> _Given records_
================================

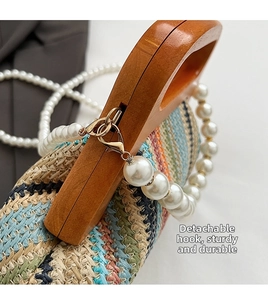 Detail of detachable pearl strap and durable metal clasp on the woven straw handbag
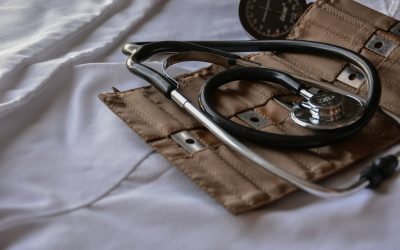 black stethoscope with brown leather case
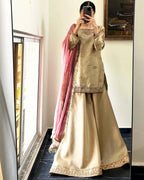 Person wearing a traditional outfit with a pink dupatta in front of a mirror.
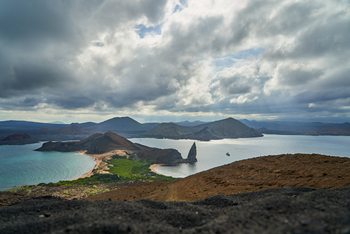 andBeyond Galapagos Explorer: Vulkanisches Panorama mit Felsnadel und türkisen Buchten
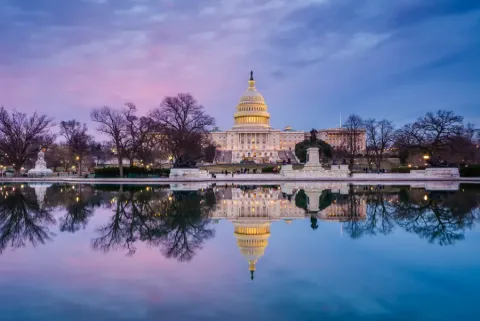 Washington DC US Capitol Building illuminated at twilight reflected in the Capitol Reflecting Pool under a purple and pink sky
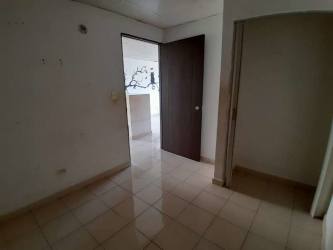 Tile floor small room or hallway with white walls dark door Princesa Mía IV Panama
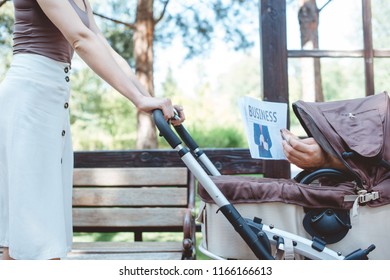 Cropped Image Of Woman Holding Baby Carriage In Park, Someone Holding Business Newspaper In Baby Carriage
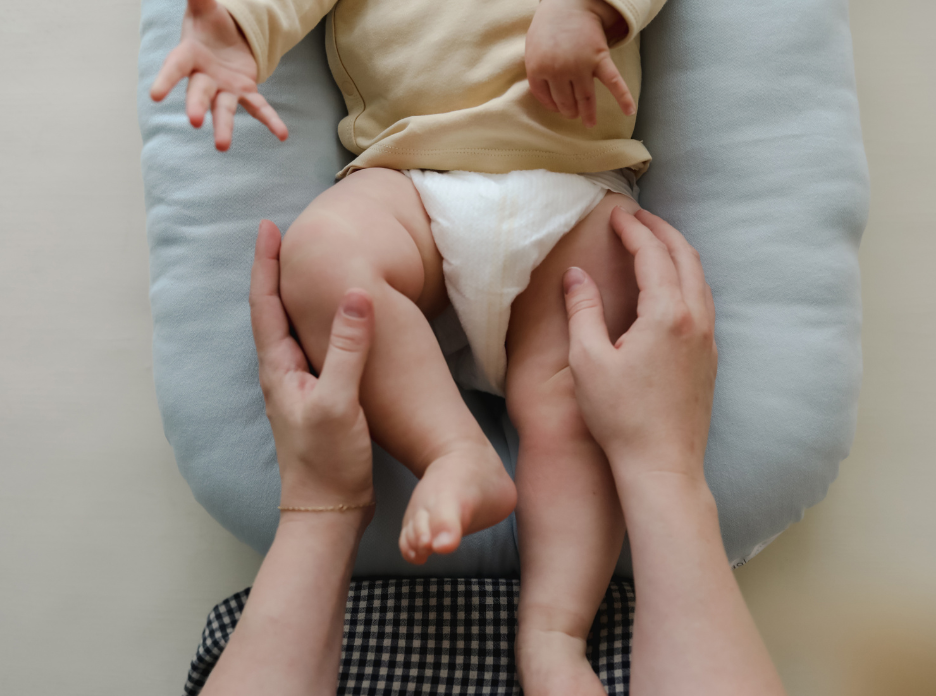 SMO Baby Lounger with a baby resting inside; machine washable and designed to feel like being held.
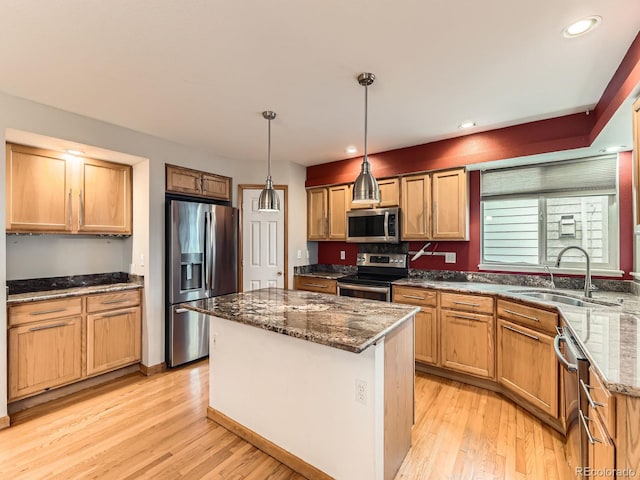 kitchen featuring appliances with stainless steel finishes, a sink, dark stone countertops, a kitchen island, and light wood-style floors
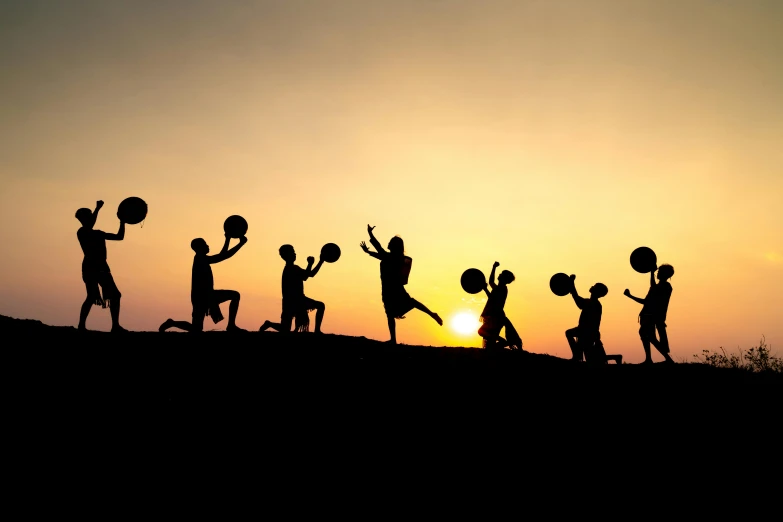 a group of people standing on top of a hill, lifting weights, sisyphus compostition, sun set, profile image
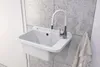 A white sink with a chrome faucet is mounted on a tiled wall. A towel hangs to the right. Anteprima dell’immagine prodotto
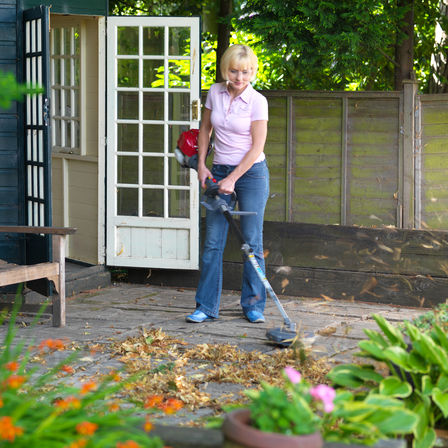 Honda Versatool met bladblazeropzetstuk, in gebruik door model, tuinlocatie.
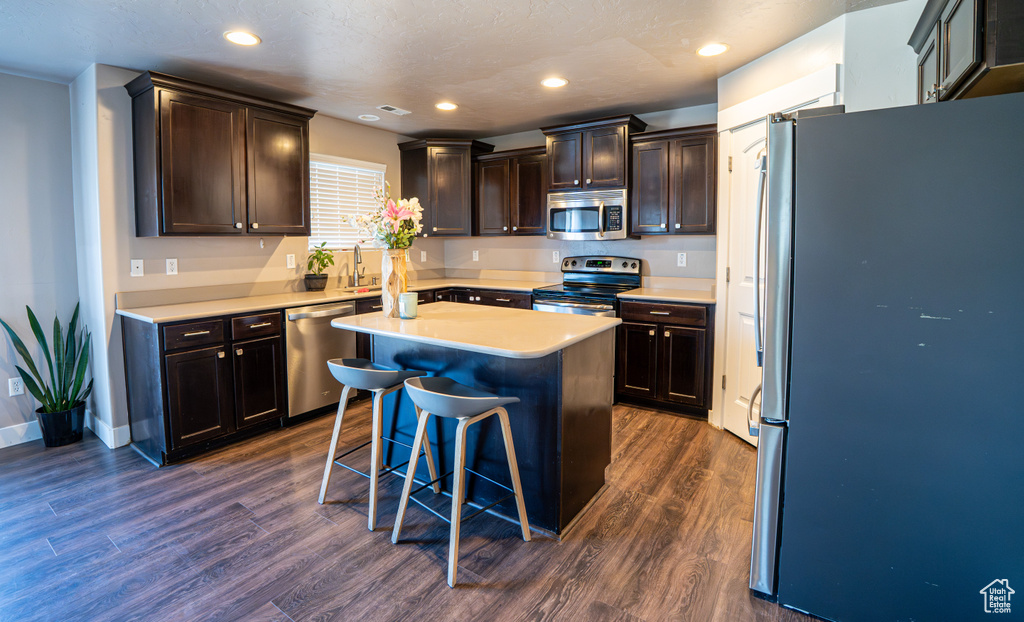 Kitchen featuring stainless steel appliances, dark wood-type flooring, light countertops, a kitchen island, and a kitchen bar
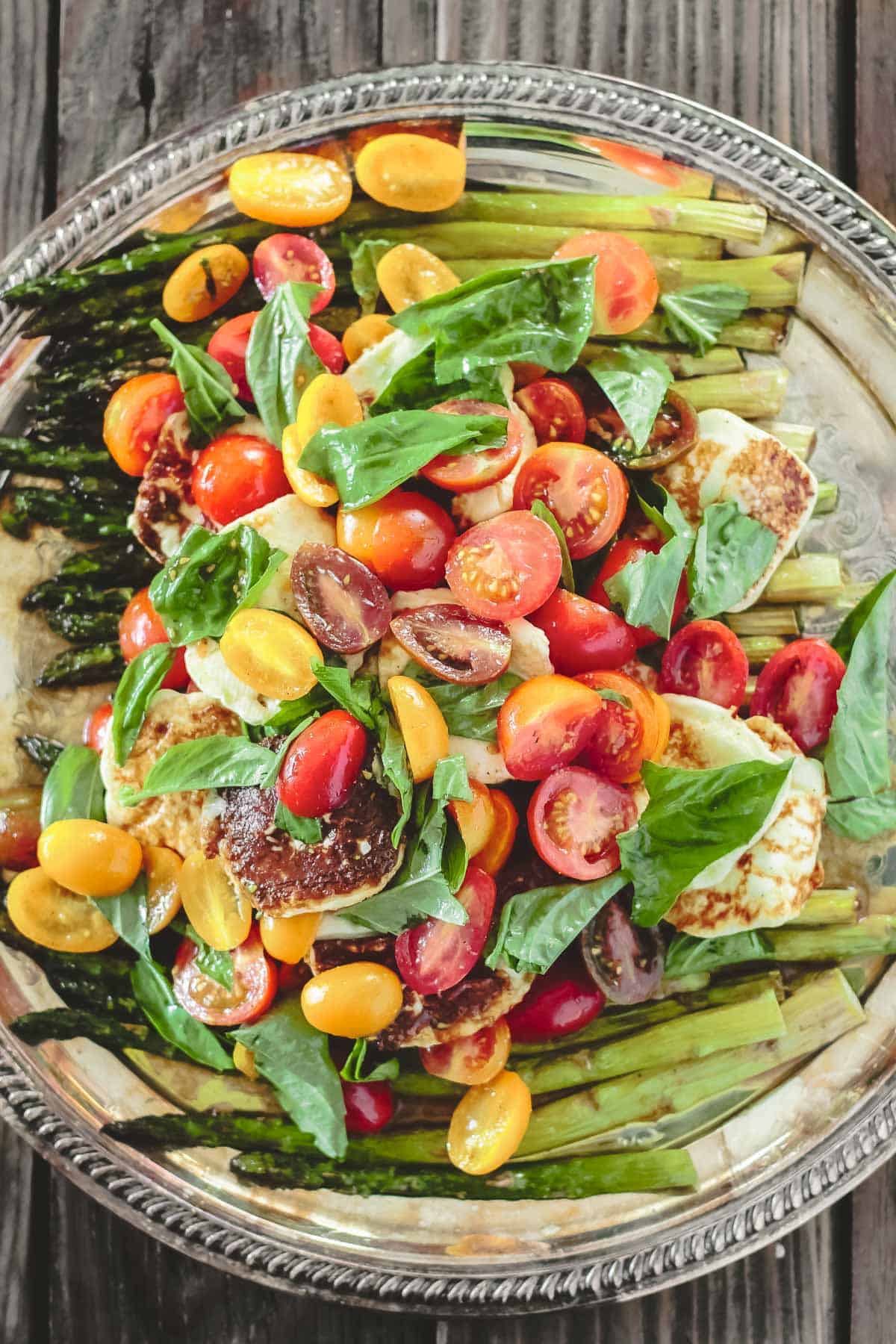 roasted asparagus salad with cherry tomatoes, halloumi cheese, and basil leaves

================================

> _Activity_
Omit every image. Quote each record exactly.

> _Exercise answer_
 Detail of detachable pearl strap and durable metal clasp on the woven straw handbag
 black stethoscope with brown leather case
 Person wearing a traditional outfit with a pink dupatta in front of a mirror.
 andBeyond Galapagos Explorer: Vulkanisches Panorama mit Felsnadel und türkisen Buchten
 Washington DC US Capitol Building illuminated at twilight reflected in the Capitol Reflecting Pool under a purple and pink sky
 Tile floor small room or hallway with white walls dark door Princesa Mía IV Panama
 Cropped Image Of Woman Holding Baby Carriage In Park, Someone Holding Business Newspaper In Baby Carriage
 SMO Baby Lounger with a baby resting inside; machine washable and designed to feel like being held.
 kitchen featuring appliances with stainless steel finishes, a sink, dark stone countertops, a kitchen island, and light wood-style floors
 a group of people standing on top of a hill, lifting weights, sisyphus compostition, sun set, profile image
 A white sink with a chrome faucet is mounted on a tiled wall. A towel hangs to the right. Anteprima dell’immagine prodotto
 Honda Versatool met bladblazeropzetstuk, in gebruik door model, tuinlocatie.
 Kitchen featuring stainless steel appliances, dark wood-type flooring, light countertops, a kitchen island, and a kitchen bar
 roasted asparagus salad with cherry tomatoes, halloumi cheese, and basil leaves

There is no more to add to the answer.